My version of that sed command (which also sorts):

cat friends.json \
        | sed -e 's/^.*\[//g' \
        | sed -e 's/\].*$//g' \
        | sed -e 's/[{}]*//g' \
        | sed -e 's/,/\n/g' \
        | sed -e '/^ .*"id":.*$/d' \
        | sed -e 's/"name"://g' \
        | sed -e 's/^ *//' \
        | sed -e '/^$/d' \
        | sort > names.txt

Extra rules were added to get rid of the empty lines and leading spaces also. Gives you a cleaner file to work on.

for a mapping of hash to name, use this as the contents for your hash script:

#!/bin/sh
echo "`echo -n $1 | sha1sum ` $1"

ps: love how this scales by just using more characters of the hash. Kind of serves the same purpose as last names do, but with less chance of collision.
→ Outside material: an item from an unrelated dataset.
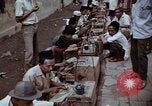 Immagine di Ring maker nel mercato di Giacarta Jakarta Indonesia, 1964, secondo 30 filmato di repertorio 65675039495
Andrew Yourtchenko said...

@Nighty: cool, thanks! On a second thought, you do not even need to increase the length of all hashes, just those that make up collision. Much like in real life when you have name+surname collisions - "John Doe - no, not the one that is used all the examples".

For practical use - name, surname, place of birth and the date of birth should be used as a sha1 source... Since, if we have the same name+username adding the digits to hash would not help.

Phillip Remaker said...

So why don't you just use the name+facebookid in the JSON? See how that reduces your collisions.

PS: Nighty's sed script adds a literal "n" at the end of every line for me, not sure why.

cat friends.json | grep name | awk -F"\"" '{print $4}' >names.txt

is what worked for me.

Andrew Yourtchenko said...

Not everyone (though almost all) have the facebook. And I do not feel too comfortable with some number of a private corporation be my SSN. I already have one issued by the country's government. (speaking of which, it could be in the mix as well in the countries that have it - to help reduce the chances of the same contents being hashed).

Phillip Remaker said...

Ultimately,

cat friends.json | grep name | awk -F"\"" '{print "\"" $4 "\""}' > names.txt

Worked best since it preserved the double quotes around the names.

Also, names with shell-flavored characters (e.g., O'Rourke) were troublesome.

Andrew Yourtchenko said...

Nice. In the hindsight, probably a better approach would have been a FB app, I *think* one can do a pure-Javascript one, could be fun.